Trier les champignons, enlever avec un couteau les herbes et la terre qui y adhèrent, mais surtout ne pas les laver. Les couper en morceaux, puis les enfiler avec une aiguille sur un fil en formant des guirlandes, que l’on suspend au-dessus des radiateurs de chauffage central (nous, nous avons un chauffage au bois).
À noter que le chauffage électrique ne convient absolument pas, car il faut que les champignons sèchent rapidement et complètement. Laisser sécher environ 15 jours, puis retirer les fils et ranger les champignons dans des boîtes métalliques que l’on ferme hermétiquement avec du ruban adhésif tout autour.
Étiqueter. Les champignons peuvent ainsi se conserver au moins un an, à l’abri de la lumière.
Françoise et Jacques Jeambrun-Ocana – Maiche (25)
Variante : les guirlandes de champignons peuvent également être mises à sécher dehors ou dans un local sec et aéré. Si c’est nécessaire, on pourra terminer le séchage à four doux. Pour conserver les champignons, on peut utiliser des boîtes en fer blanc ou des sacs en papier.
Melle Rossetti et M. Mariani – St-Martin-d’Entrannes (06)
Yves Micheland – St-Marcellin (38)
Florence Besançon – Ramonville (31)
Brigitte Lapouge-Dejean – St-Cybranet (24)
Cèpes séchés sur grille
Utiliser de préférence des cèpes moyens ou gros (et sains), car les tout petits se prêtent mal à la coupe.
Couper séparément pieds et chapeaux des cèpes en fines lamelles de 1 à 2 millimètres d’épaisseur que l’on disposera sur la grille du séchoir. Mettre ensuite à sécher, à l’air libre, dans un endroit chaud et très sec (grenier, grange, appartement, hangar, etc.) mais pas en plein soleil, qui semble trop agressif et nuit à la qualité du cèpe séché. Les grilles peuvent être placées sur des tréteaux. Dès qu’ils sont bien secs, les cèpes seront conservés dans des boîtes non métalliques. Des boîtes en carton bien fermées conviennent parfaitement. Les stocker dans un lieu très sec et obscur. Les cèpes peuvent se garder ainsi quelques années, mais il semble préférable de les consommer dans les 2 ans qui suivent le séchage, car, au-delà, ils ont tendance à jaunir et à perdre leur parfum. Pour les consommer, il suffit de les mettre à tremper quelques heures dans l’eau (ils retrouvent leur aspect d’origine) et de les accommoder ensuite selon la recette choisie (en sauce, avec un plat de pommes de terre, etc.).

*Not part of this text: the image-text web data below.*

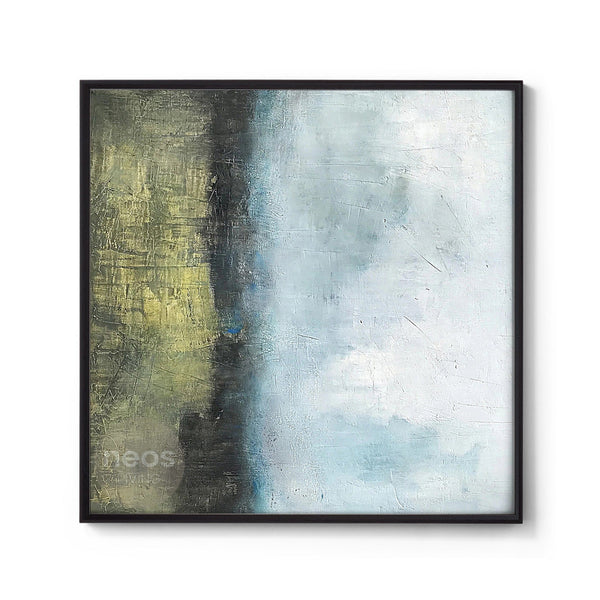 Yellow / Black / Blue Abstract Painting / Wall Art - NE0064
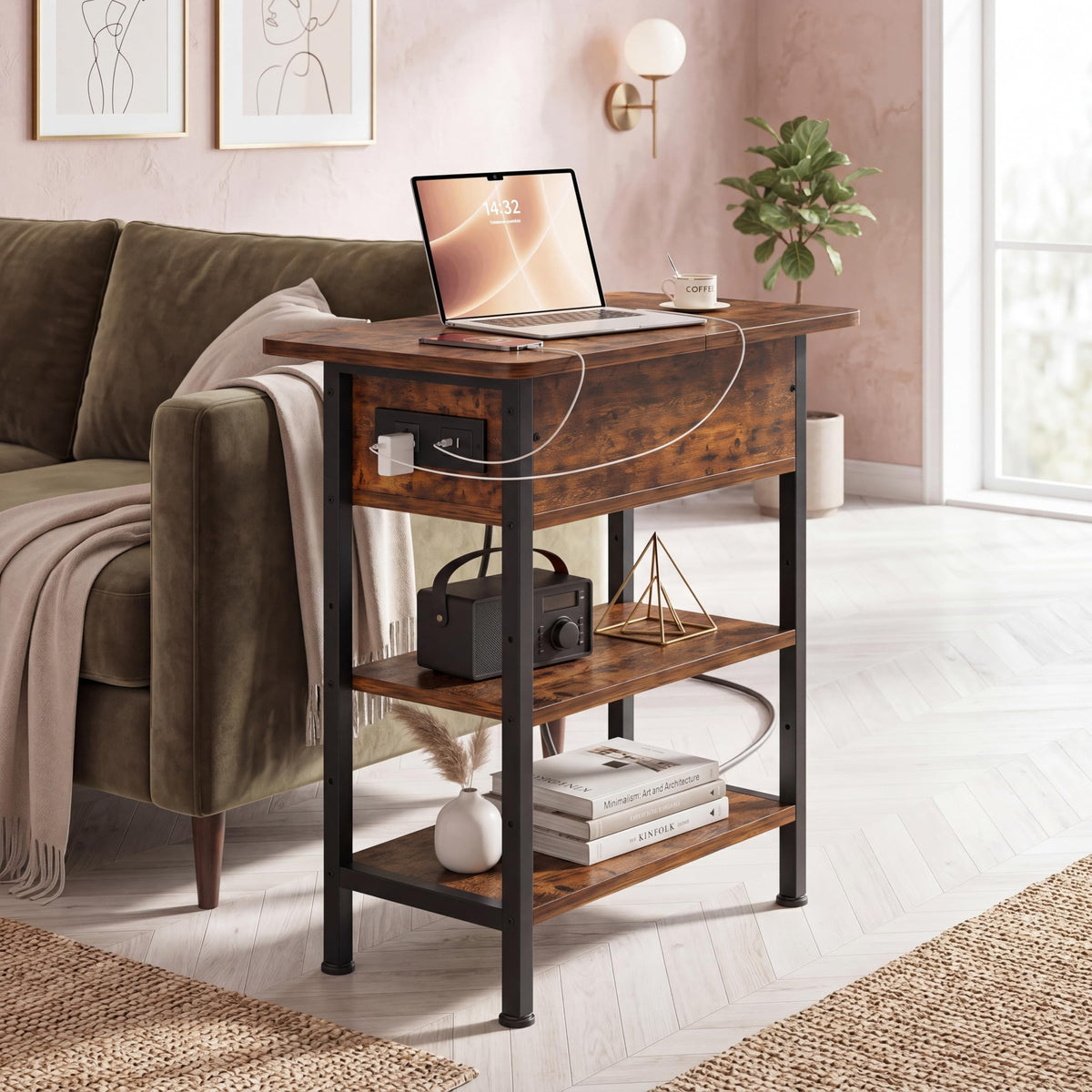 End Table with Charging Station, Flip Top Side Table with USB Ports and Outlets, 3-Tier Side Table with Storage K538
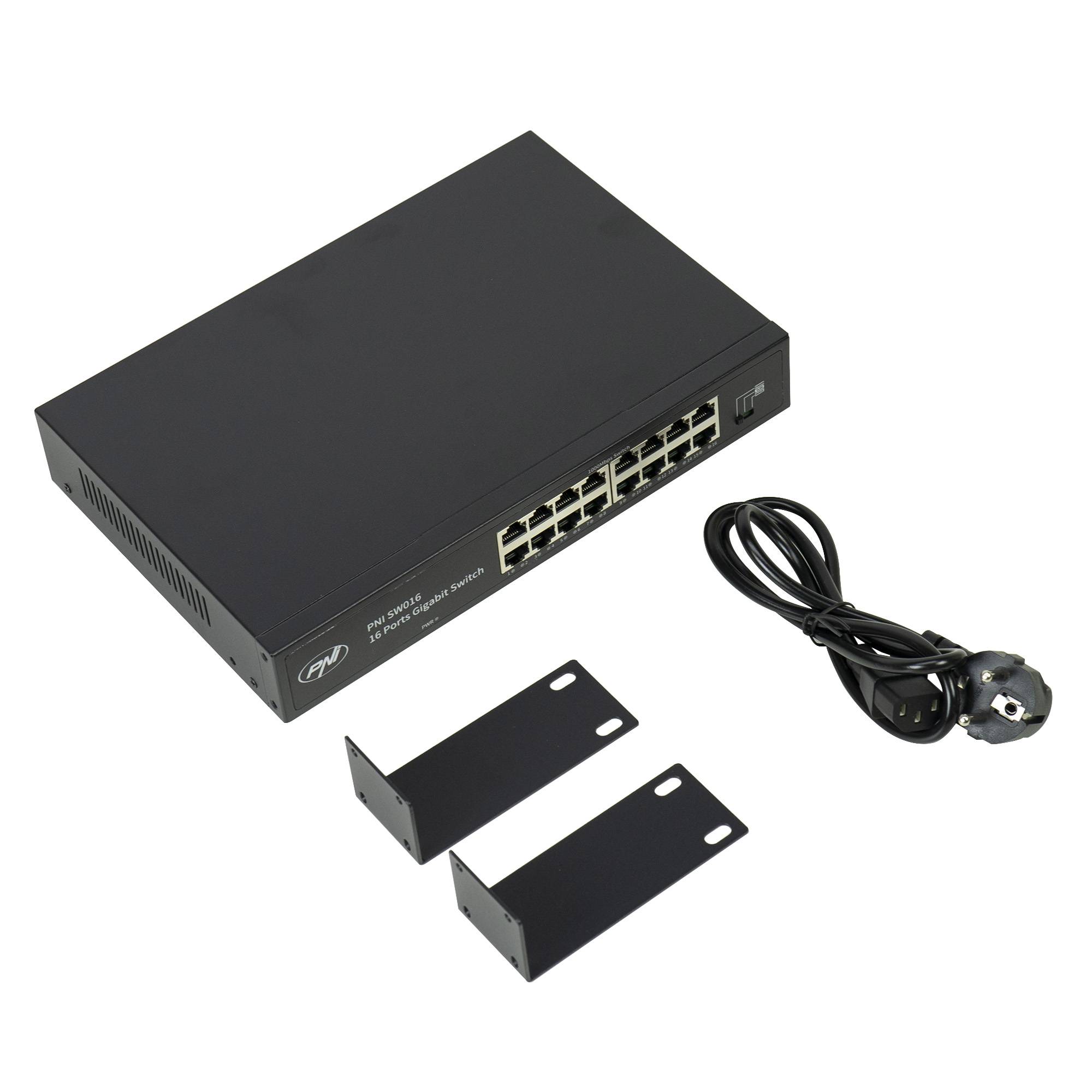 Switch PNI SW016, 16 x 10/100/1000 Mbit/s, Gigabit, Metallgehäuse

Henri Rouy – Cournon-d’Auvergne (63)
Variante : on peut également utiliser, pour le séchage, une planche recouverte de papier d’emballage et posée sur un radiateur, ou une grille suspendue dans un endroit sec et aéré.
Solange et Patrick Cussiez
Mireille Lepoetre – Bois-Guillaume (76)
Autres champignons
On peut sécher sur une feuille ou sur du papier d’emballage d’autres espèces comme les mousserons, les trompettes de la mort, les girolles, les pieds de mouton, etc.

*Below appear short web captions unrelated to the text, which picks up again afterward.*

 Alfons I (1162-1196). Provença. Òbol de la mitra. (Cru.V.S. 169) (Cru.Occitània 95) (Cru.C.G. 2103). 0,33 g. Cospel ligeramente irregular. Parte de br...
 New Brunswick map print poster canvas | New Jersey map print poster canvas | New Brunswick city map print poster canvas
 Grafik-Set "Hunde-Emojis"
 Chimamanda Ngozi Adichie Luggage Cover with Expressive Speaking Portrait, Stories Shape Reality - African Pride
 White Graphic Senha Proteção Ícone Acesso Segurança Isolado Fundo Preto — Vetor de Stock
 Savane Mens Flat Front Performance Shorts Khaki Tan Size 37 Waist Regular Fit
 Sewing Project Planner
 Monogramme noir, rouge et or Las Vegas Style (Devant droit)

Anne-Marie Bouhelier – Clermont-Ferrand (63)
Brigitte Lapouge-Dejean – St-Cybranet (24)
Pleurotes d’hiver
Nous faisons de la culture de pleurotes d’hiver sur copeaux de bois. La production étant saisonnière et supérieure à la consommation, nous conservons l’excédent par séchage.
Une grille — genre grille pour barbecue — est fixée sur un pied en fer d’environ
25 centimètres de hauteur. Les champignons sont placés sur la grille, et le séchoir est posé sur la plaque en fonte du fourneau à bois. Avec un feu moyen, il faut environ 2 ou 3 jours pour sécher une volée de champignons. Ils doivent devenir cassants. Les stocker ensuite à l’abri de l’humidité.
Pour les consommer, les faire gonfler dans l’eau la veille et les cuisiner comme des champignons frais. Cette technique permet de sécher les pleurotes au fur et à mesure de la production, de profiter d’une source d’énergie disponible et de conserver le goût, l’arôme et les richesses des champignons.